B. Determination on the assertion of unfair sentencing by the defendant and prosecutor
The facts of each of the crimes of this case are recognized and reflected by the Defendant. The Defendant had been treated with mental illness, such as depression, unstable disorder, and sacrife, etc. from the past. However, even in the murder crime of this case, the above disease of the Defendant seems to have affected the extent.
These points are favorable to the defendant.
However, in the case of murder in 2019 High 200 cases and thief in violation of the Act on the Aggravated Punishment, etc. of Specific Crimes, the defendant was aware of his/her crime, such as working as a general secretary of the Institute of Public Notice, and the victim, who is the owner of the Institute of Public Notification, could report the occurrence of his/her crime. The victim prepared knife in his/her room and knife two times later, knife knife knife knife knife knife knife knife knife knife knife knife knife knife knife knife knife knife knife knife knife knife knife knife knife.
In light of the above legal principles, the circumstances alleged by the Defendant and the Prosecutor as the elements of sentencing were already revealed during the hearing of the lower court, and there was no particular change in circumstances that may be the conditions of sentencing after the sentence of the lower court was rendered.

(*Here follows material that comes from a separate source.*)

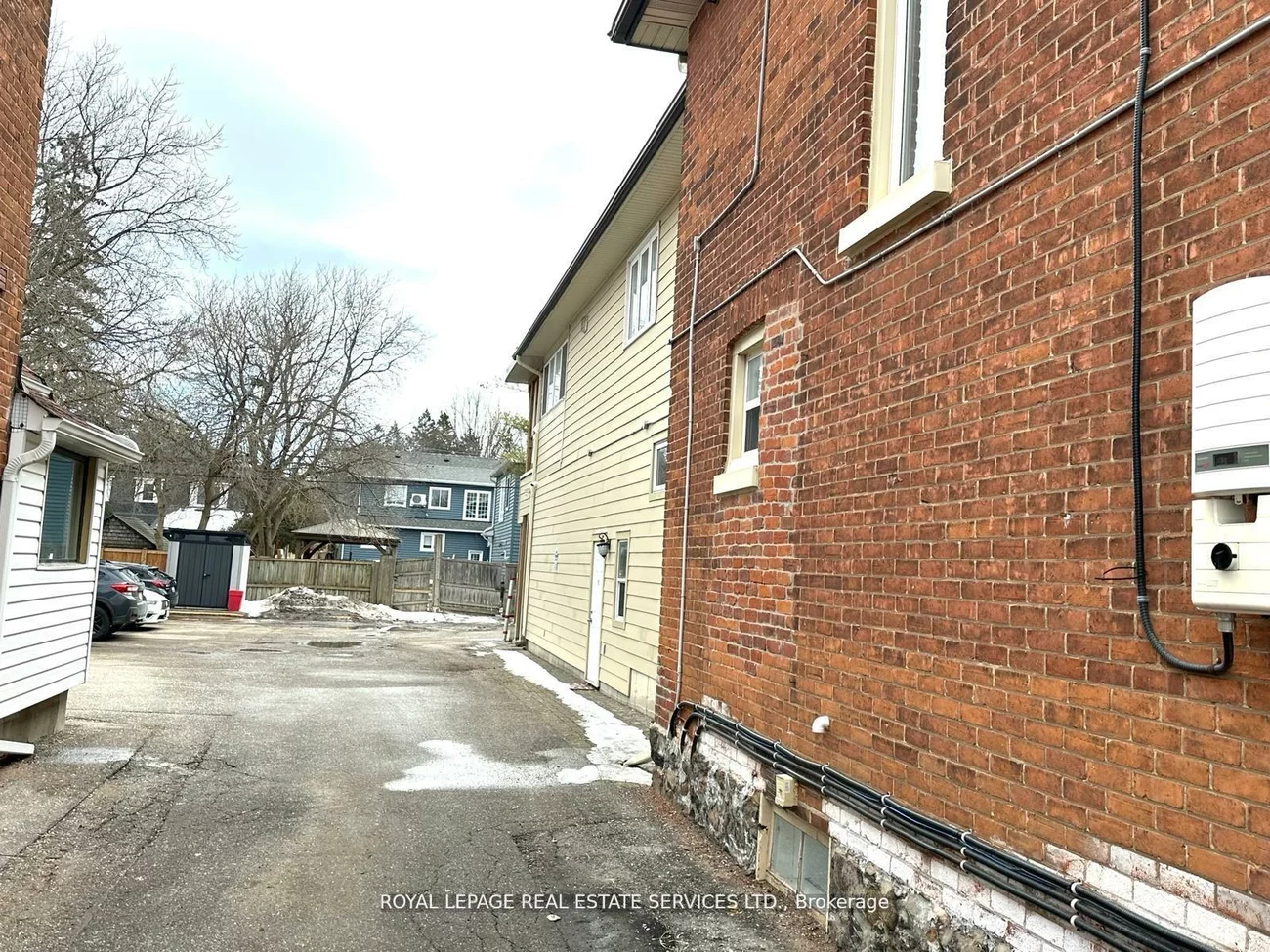 100, Essa, Allandale Centre, Barrie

In addition, considering the circumstances in the grounds of sentencing, the Defendant’s age, character and behavior and environment, circumstances after committing the crime, the circumstances after the crime, the sentencing factors of the lower court, and the opinions on the sentencing expressed by jurors at the lower court that was conducted as participatory trials, including the sentencing guidelines of the Supreme Court Sentencing Committee, and the sentencing factors indicated by jurors at the lower court that were held as participatory trials, it is reasonable to respect the lower court’s sentencing since it was conducted within the reasonable scope
Therefore, each of the defendant and prosecutor's arguments on unreasonable sentencing is without merit.
3. Conclusion
Therefore, the appeal filed by the defendant and the prosecutor is without merit, and all of them are dismissed in accordance with Article 364 (4) of the Criminal Procedure Act.
The associate judge of the presiding judge
Judge Kang Jin-hun
Judges Apparentity
1) The jury in the participatory trial also expressed his opinion that the defendant cannot be admitted as a claim for mental disability.
2) It shall be reduced as follows: 118 to 177.
3) It shall be reduced as follows: hereinafter referred to as 191~193, 413.
4) At the original trial, one juror was sentenced to imprisonment for 20 years, and eight jurors were sentenced to imprisonment for 25 years.